= Your instructions =
Give a verbatim copy of the data, leaving the pictures out.

= Dataset excerpt =
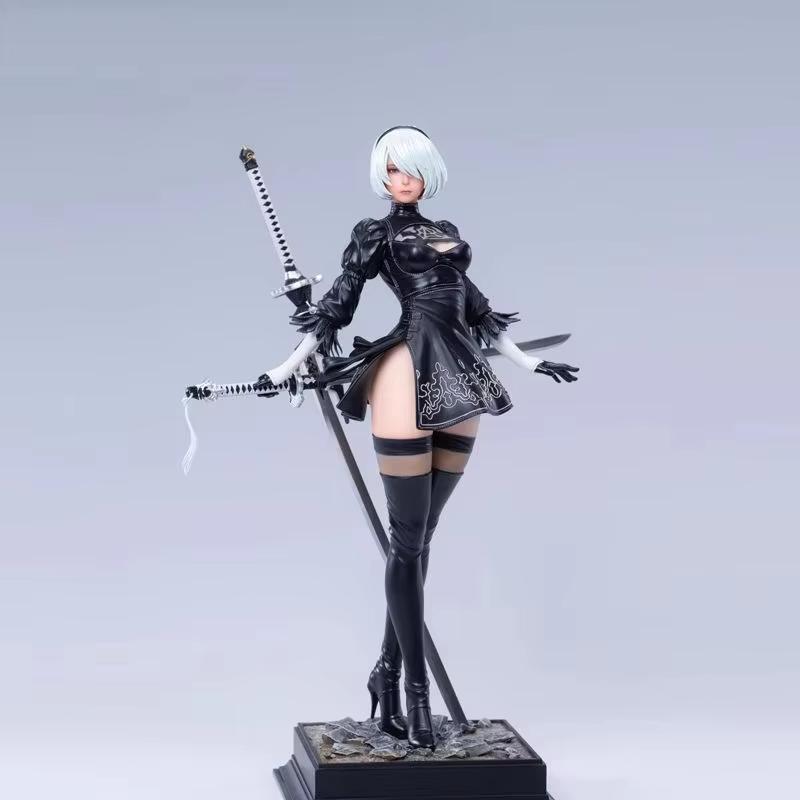

2B GK Automata Мисс Боевой Костюм с Высоким Разрезом Фигурки Высокого Качества Настольное Украшение Мальчик Модная Игрушка Статуя Модель Коллекционная Подарок 1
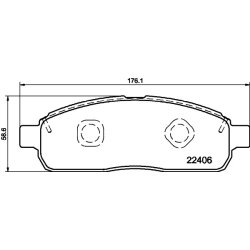 Brake Pad Set MINTEX MDB3842 OE Ref 6L3Z2001A MINTEX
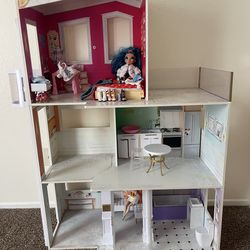 Rainbow high Barbie house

= Exercise result =
2B GK Automata Мисс Боевой Костюм с Высоким Разрезом Фигурки Высокого Качества Настольное Украшение Мальчик Модная Игрушка Статуя Модель Коллекционная Подарок 1
 Brake Pad Set MINTEX MDB3842 OE Ref 6L3Z2001A MINTEX
 Rainbow high Barbie house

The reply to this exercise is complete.